The reply needs the lines from the one containing "yiijeah Beach Wall" through the end of the material, each repeated exactly, and no pictures.
===== Supplied information =====
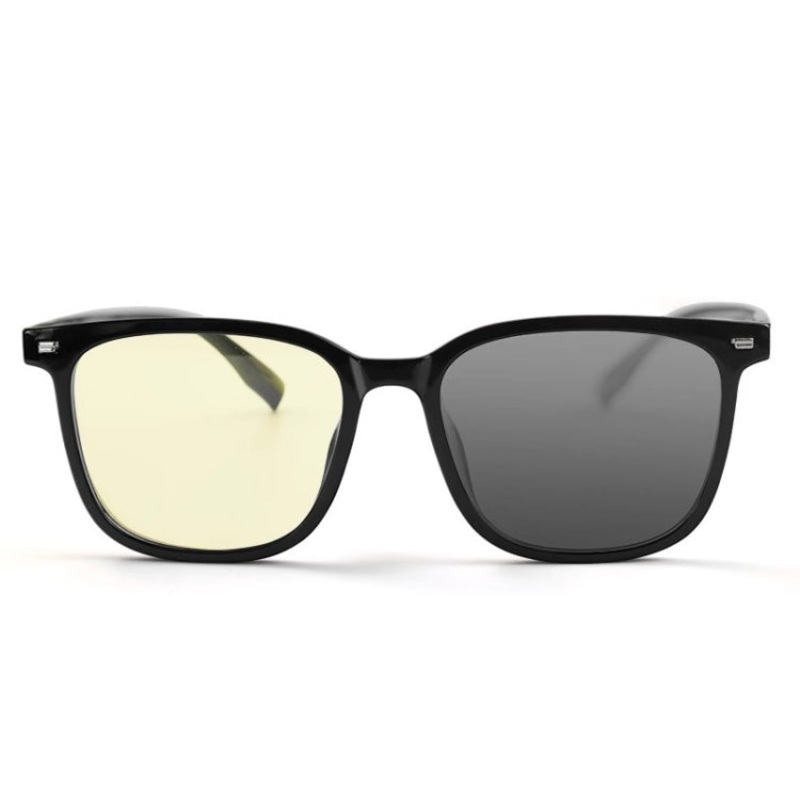 Watching Cell Phone Playing Games Anti-Blue Light Glasses Postoperative Flat Glasses, Color: Black Frame+Light Yellow To Gray Lens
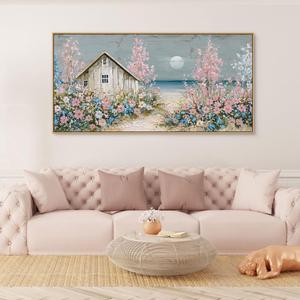 yiijeah Beach Wall Art Large Landscape Canvas Coastal Pink Picture Horizontal Artwork for Walls Ocean Prints Big Paintings Living Room Bedroom Office Home Decor 48x24 Inches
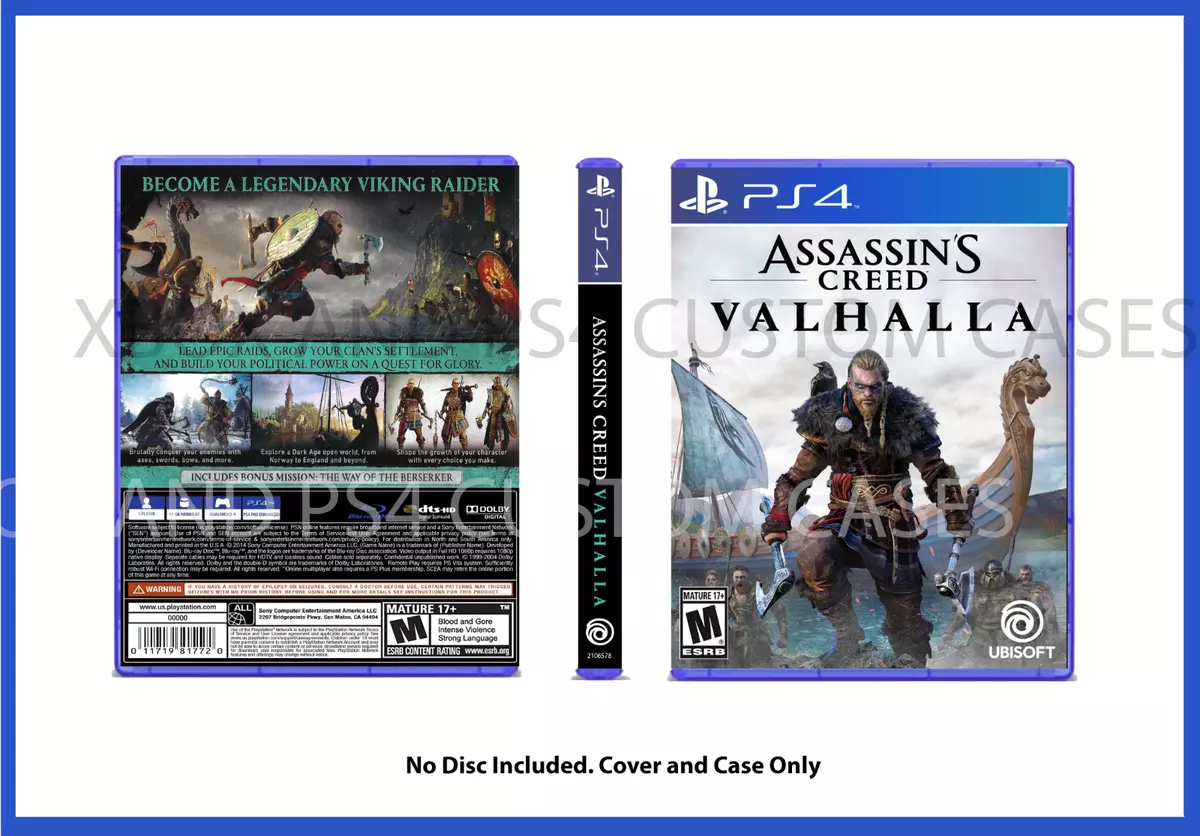 CUSTOM REPLACEMENT CASE NO DISC Assassin's Creed Valhalla PS5 SEE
=====
**Task solution:**
 yiijeah Beach Wall Art Large Landscape Canvas Coastal Pink Picture Horizontal Artwork for Walls Ocean Prints Big Paintings Living Room Bedroom Office Home Decor 48x24 Inches
 CUSTOM REPLACEMENT CASE NO DISC Assassin's Creed Valhalla PS5 SEE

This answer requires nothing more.